Music Review: Greycoats - Setting Fire To The Great Unknown

The first thought to my head as I picked up the CD is that this band must really love Joss Whedon's Firefly series. But then I realized the fan club of that show called themselves browncoats, and all was better.

Nothing against Firefly or its huge fan base, but I didn't want to hear possible allusions to the show in the music nor read about how obsessed they are about the show in the bio. Call me jaded or call me tired of hearing how God-like Whedon is.

Ugh. I need to move on.

Greycoats is an indie band from Minneapolis, Minnesota whose music surprises with its depth and consistency. Released in 2008, Setting Fire To The Great Unknown is Greycoats' first full-length album.

The Minnesota quartet (Jon Reine - guitar, vocals; Titus Decker - keyboards, vocals; Mike Smith - drums; and Matt Patrick - bass) describes their music as melodramatic.

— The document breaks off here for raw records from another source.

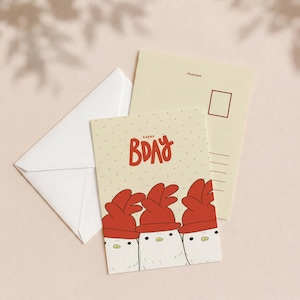 Puede incluir: Una tarjeta de felicitación de color crema con tres pollos blancos de crestas rojas y el texto rojo "HAPPY BDAY" encima, acompañada de un sobre a juego y el reverso de una postal con un recuadro para sello y líneas de dirección.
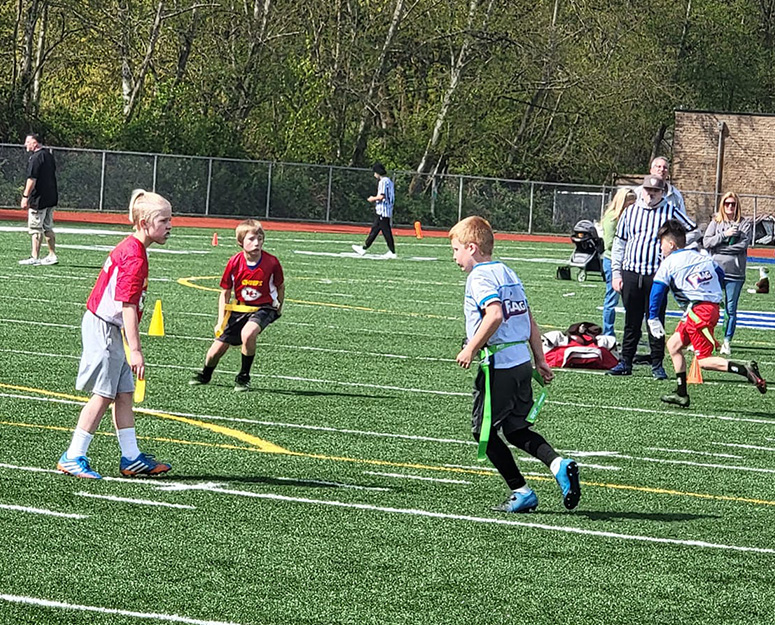 monroe_sports Monroe Club kids playing flag football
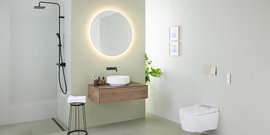 Ein modernes Badezimmer mit einer eleganten Dusche, einem runden Spiegel und einer stilvollen Holzwaschbeckenablage.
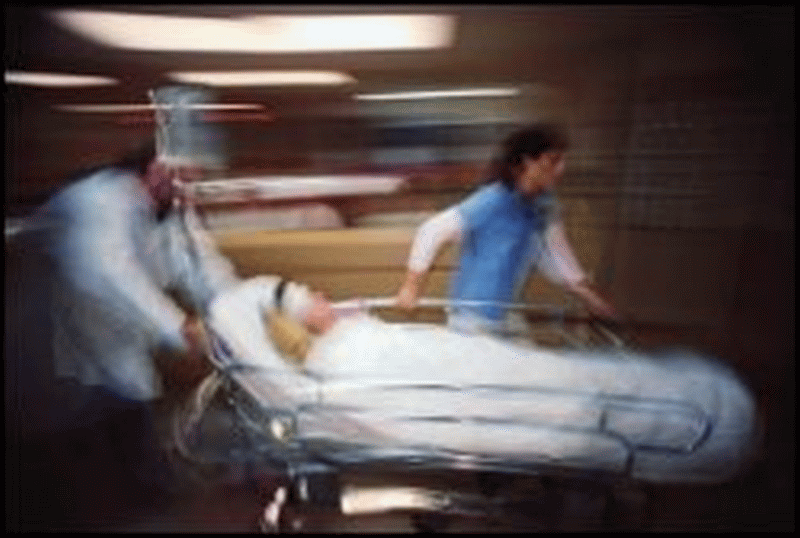 A patient is rushed down the hallway of a medical facility by health care professionals.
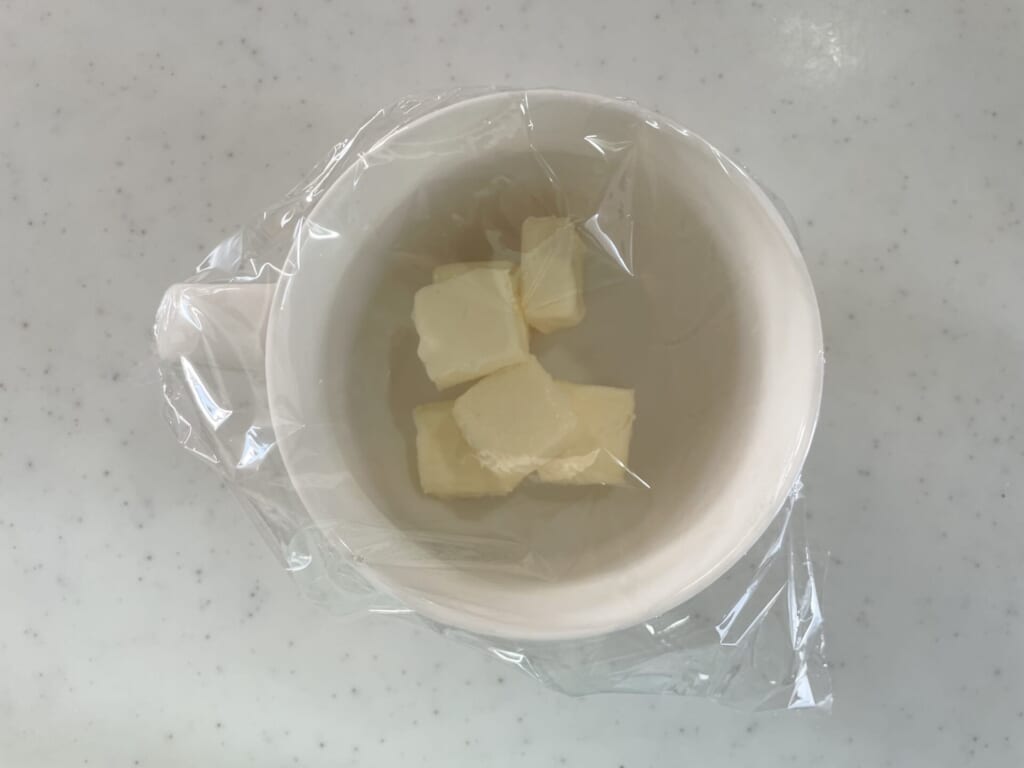 バターを入れた耐熱皿にラップをかける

The album's moodiness and overall melancholy aren't products of classic Douglas Sirk films from the 1950s, but rather a more abstract from of transcendentalism (recall Henry David Thoreau) in a cinematic context. Or if that doesn't tickle your fancy, think of a more consistently mellow Mute Math or a more ballad-filled Keane.

Greycoats"Learning To Remain" opens with a wavy melody, following the realistic pattern of being sad to fine to optimistic about life and what's really left: "With the photographic memory it's getting harder to forget / With the photographic memory it's getting hard to really live." The following "Revenge" might be another path to choose to ensure self-preservation.

Reine's vocals fit the band's melodies perfectly, finding the right balance of emoting and wailing without making sounding tragic or commiserative. "Goodbye, Sweet Youth, Goodbye" and "An Echo In The Dark" fit the mold best, and "Watchman, What Is Left Of The Night?" is simply splendid.

For the most part Setting Fire To The Great Unknown is unfailing in its ability to transform subtlety into lush harmonies. "That Great And Terrible Day" is an anomalous track at the album's midpoint that annoyingly disrupts its fluidity. Other than that, Greycoats might seem to have a compelling argument for a new indie subgenre — melodrama.